Tuesday, 14 February 2017

2:45 pm

Photo of Mick WallaceMick Wallace (Wexford, Independent) | Oireachtas source

The public inquiry should have a criminal investigation running in parallel to it and this should be pursued by police from outside the country. Many bad things have happened.

The Taoiseach said that everybody has the presumption of innocence. He has a short memory. For several years, according to the Fine Gael-Labour Government, Maurice McCabe was guilty until proven innocent. Nóirín O'Sullivan talked yesterday of a campaign of false accusations against her. Is she saying that Maurice McCabe was lying? Is she saying that David Taylor, Keith Harrison, Nick Keogh, Sinéad Killian, Eve Doherty, Donal O'Connell and others are all liars? If she genuinely did not know how whistleblowers were treated, she is not fit for the job because she did not know what was going on in the force.

In the context of the O'Higgins inquiry, she instructed her legal team to give false evidence until Maurice McCabe's tape turned that upside down.

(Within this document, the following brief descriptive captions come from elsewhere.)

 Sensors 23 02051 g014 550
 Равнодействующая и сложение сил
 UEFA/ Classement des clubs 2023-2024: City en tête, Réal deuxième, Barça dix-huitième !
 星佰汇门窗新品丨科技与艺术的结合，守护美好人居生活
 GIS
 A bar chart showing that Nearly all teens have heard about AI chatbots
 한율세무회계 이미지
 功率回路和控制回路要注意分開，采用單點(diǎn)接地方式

If she was innocent, why did she not sanction or discipline the two gardaí involved?

It is a long time ago. How can the Taoiseach explain that when Nick Keogh reported Garda involvement in the heroin trade in Athlone he faced five internal investigations that same year but none before that. Why? Why was the superintendent whom Nick Keogh accused of bullying and harassing him put on the promotion list? In 2014, the Garda Commissioner appointed an assistant commissioner to look at Keith Harrison's complaint. The assistant commissioner leaked information back to the superintendent who was the subject of the complaint. On foot of a different complaint involving the very same superintendent that same assistant commissioner was asked to carry out an investigation. If all this was not bad enough, when GSOC, following its investigation into the second matter, asked for disciplinary proceedings to be taken by An Garda Síochána, whom did Nóirín appoint over it? One would never guess - the same assistant commissioner.

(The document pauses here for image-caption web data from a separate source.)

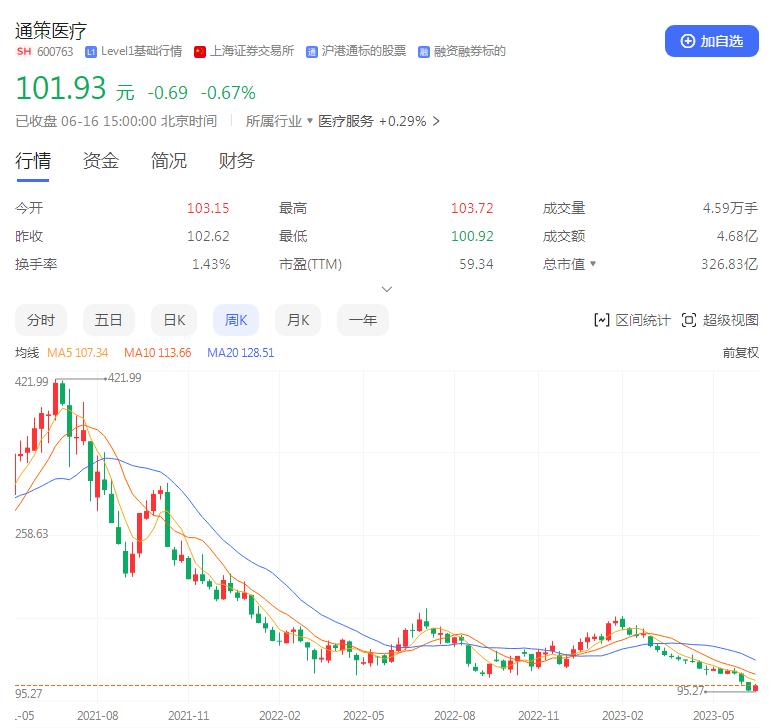 今日龙头股票跌了多少,一个板块个股集体暴跌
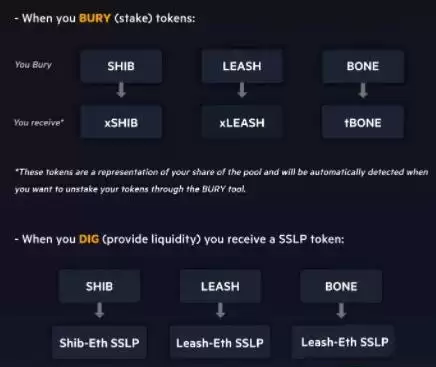 柴犬币(Shiba Inu)是什么？柴犬币/shib币的未来如何？值得投资吗？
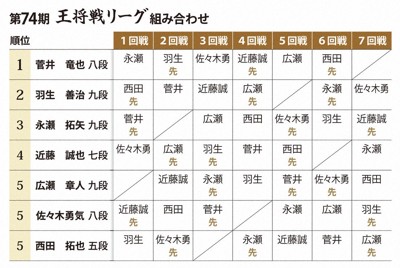 第74期王将戦リーグ組み合わせ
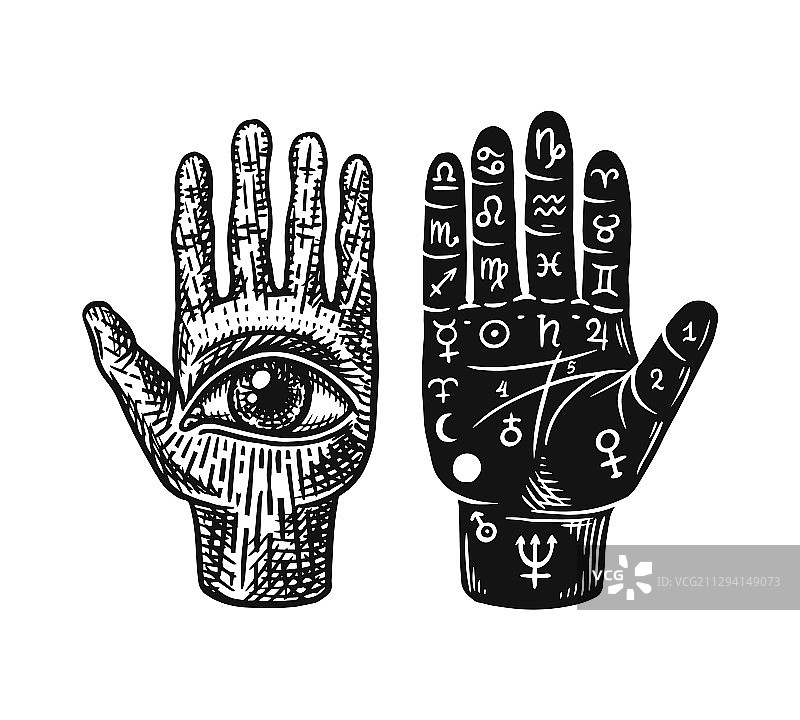 神秘魔法手相炼金术图片素材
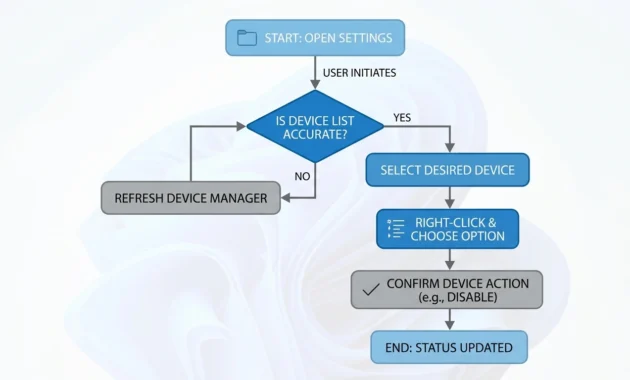 Flowchart for fixing a Lenovo touch screen not working after a Windows 11 update, from Device Manager check to support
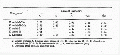 Thumbnail for version as of 13:06, 21 February 2008
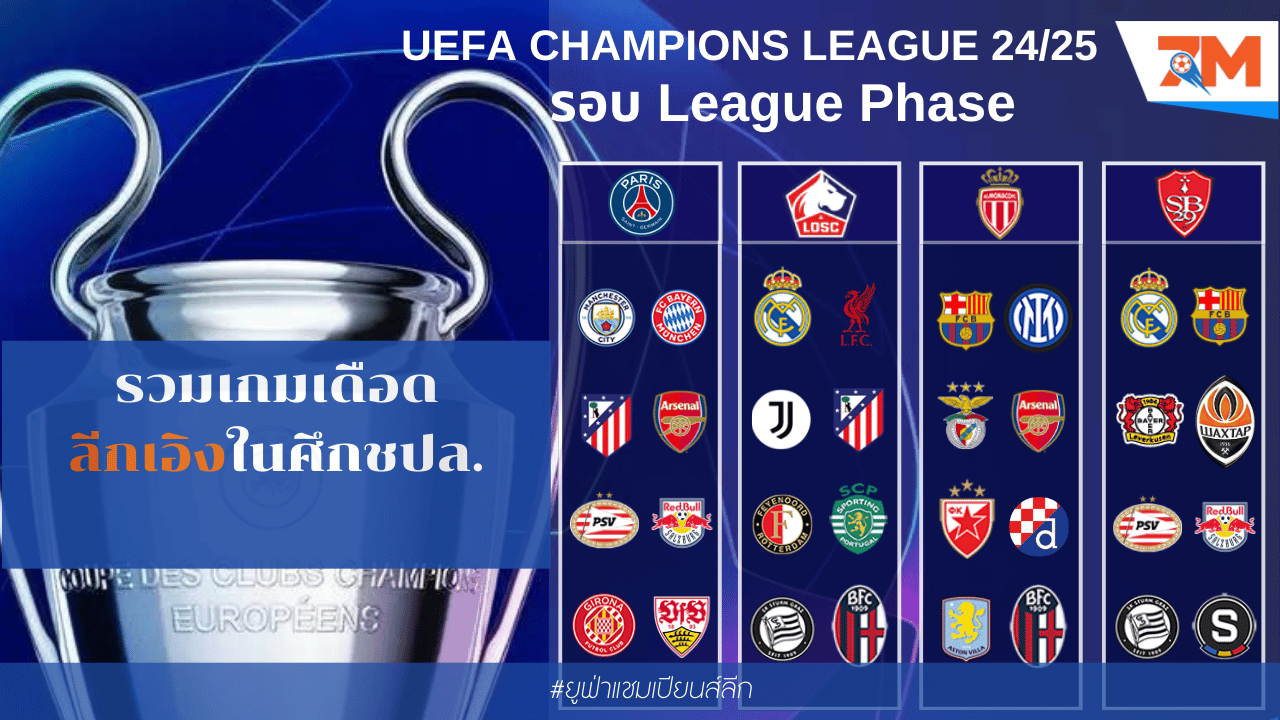 รวมเกมเดือด ลีกเอิง ในศึกชปล.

In early 2014, a journalist contacted David Taylor when he was press officer. The journalist told him he had been to the family of the girl at the centre of the sex allegations against Maurice McCabe. He told him he had a great story which would be really damaging for McCabe. Taylor texted Callinan and O'Sullivan and told them the good news. Callinan texted him back to welcome it. Nóirín decided to ring him and have a good chat about it. This is the woman who said several weeks ago on "Today with Sean O'Rourke" that she had absolutely no knowledge and nor was she privy to any campaign to undermine any individual in An Garda Síochána. The press officer, David Taylor, who was given back his job yesterday, stated everybody in headquarters knew about the campaign against Maurice McCabe. Everybody, seemingly Taoiseach, except Nóirín. What does the Taoiseach think?